Más clases para los discentes y mayor reciclaje para los docentes. Ergo, el mejor de los mundos posibles en el universo pedagógico. En esa lid iría el mensaje que haría llegar a los seres vivientes de sus lejanos confines. Y, por tanto, las autoridades educativas se sentirían la mar de dichosas.

Puedo asegurarles que es milagroso esto del calendario escolar. Las clases empiezan antes, pero los programas de las materias son cada vez menos ambiciosos.
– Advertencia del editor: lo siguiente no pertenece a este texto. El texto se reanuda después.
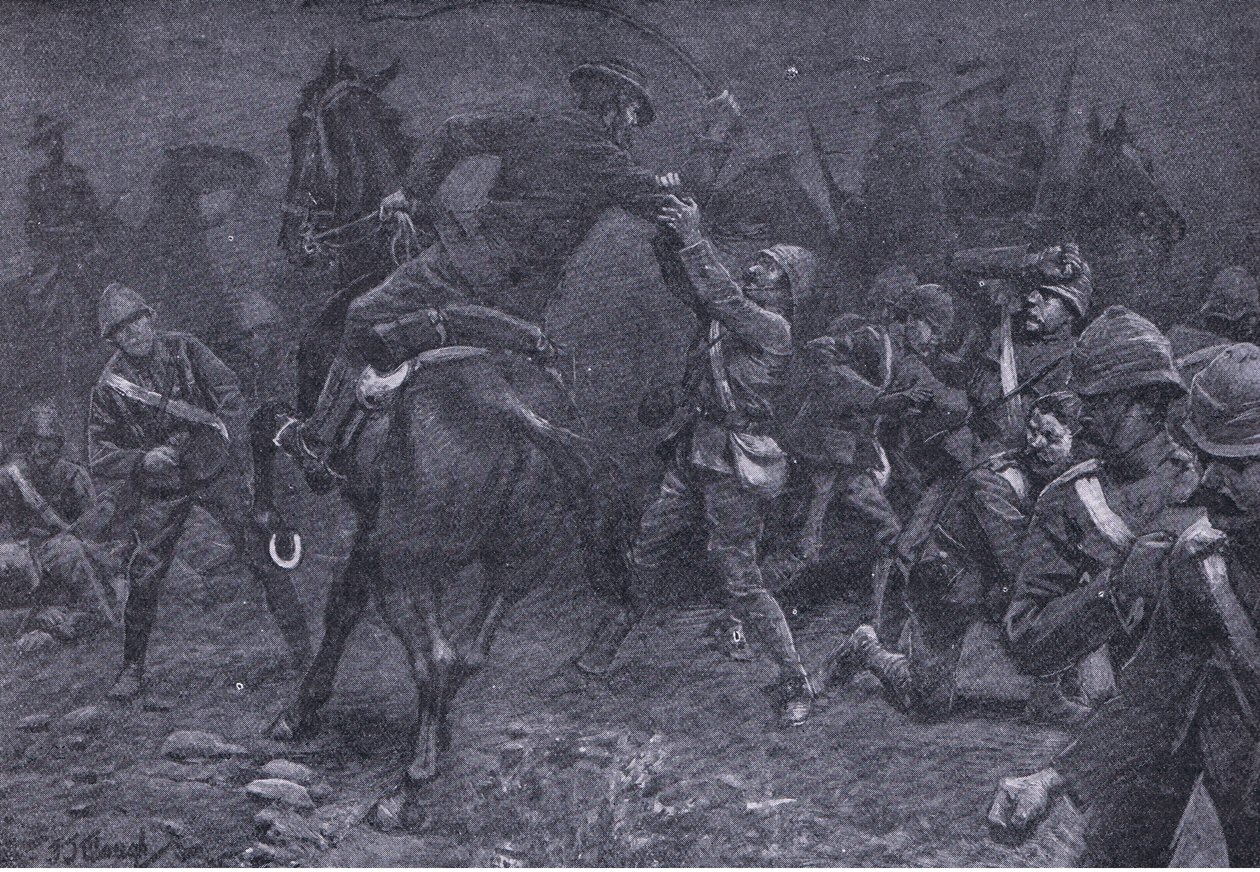 Major Boole-Smith tackler De Wet, fra After Pretoria: The Guerilla War udgivet af Harmsworth Bros Limited, 1901 af Frederick Judd Waugh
De otra parte, el profesorado cada vez tiene a su alcance un mayor número de cursos para «actualizar» sus conocimientos. Sin embargo, se le invita a que cada vez baje más su listón de exigencia. No sólo hay que evaluar conocimientos al alumnado, sino también otras y muy prodigiosas cuestiones. Pongamos que «sus habilidades». Digamos que «su inteligencia emocional». Y, lo más importante de todo, a ver cómo va esa «educación en valores», auténtico cofre que contiene en todas sus oquedades noñeces por doquier. Sin olvidarnos, de otro lado, que en los llamados «cursos de formación del profesorado» habría que ver quién los imparte, quién los convoca y desde qué rigor científico se conciben, pues -no se lo digan a nadie- están burocráticamente mejor considerados, a la hora de computar horas de formación, que los que convoca e imparte la Universidad.

Pero volvamos a lo nuestro. No sea usted antiguo. El alumnado de Secundaria ya aprenderá Matemáticas, Física, Historia, Lengua, Filosofía, etcétera. De lo que se trata es de facilitarles «los instrumentos» a ello encaminados. Y para eso hace falta disponer de más tiempo. Ergo, el curso debe empezar antes.
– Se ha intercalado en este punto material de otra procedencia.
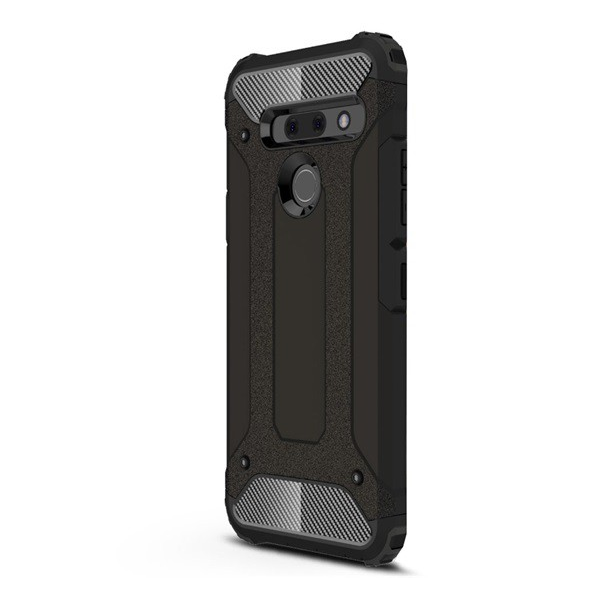 Defender műanyag telefonvédő (közepesen ütésálló, légpárnás sarok, szilikon belső, fémhatás) FEKETE [LG G8 ThinQ (G820Q)] (5996457870653)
Por si esto fuera poco, las autoridades educativas, percibiendo con su desbordante intuición lo que son los clamores de la calle, obligan al profesorado a acortar sus vacaciones. Y tal medida va en contra de una realidad a todas luces «discriminatoria». ¿Por qué vamos a tener las gentes de la tiza más tiempo libre que el resto de las profesiones? De ninguna manera, igualdad de derechos en lo que a vacaciones toca. Al tiempo que -¡oh, paradoja!- los que huyeron de la tiza incurriendo en un sindicalismo más o menos profesionalizado disfrutan cada vez de mayor tiempo libre para poder, así, defender los derechos de sus patrocinados, es decir, de los profesores. Y encima, empeñados en hacernos felices, deciden visitar los centros para vender lotería, dándonos así la posibilidad de que nos hagamos ricos y dichosos. Son ellos los que precisan de tiempo para emplear todos sus afanes y toda su energía en pro de sus compañeros y a favor de la calidad de la enseñanza por la que tanto y tanto se desvelan. ¿No les parece, en verdad, estremecedor?

Añadamos a ello que con la ampliación de los días lectivos las familias no se ven obligadas a afrontar el trastorno que supone tener a las criaturas en casa en unas fechas en las que los progenitores cumplen con sus obligaciones laborales.

Creo que hubo un ministro de la Dictadura que, entre otras lindezas, dijo aquello de «más deporte y menos latín». Pues, en este caso, más habilidades, mayor desarrollo de la inteligencia emocional y menos exigencia de conocimientos y de esfuerzo. He aquí la fórmula mágica para motivar al estudiantado de Secundaria.

Más tiempo en el aula. Así, se amplía la convivencia dentro de la diversidad tan necesaria. Mientras, aquellos que estábamos destinados a impartir conocimientos debemos reconsiderar nuestra tarea. Dinamicemos el aula. Enseñemos el manejo de instrumentos mágicos para la ciencia infusa. Hagamos nuestro apostolado en pro de lo políticamente correcto. Ampliemos nuestro calendario laboral, al tiempo que debemos acudir a las aulas más ligeros de equipaje en lo que a contenidos se refiere.

Más tiempo de clase y menor conocimiento impartido. No me negarán que ello es con asombrosa exactitud el mejor ejemplo posible de algo que podría ser definido como la cuadratura del círculo en estado puro.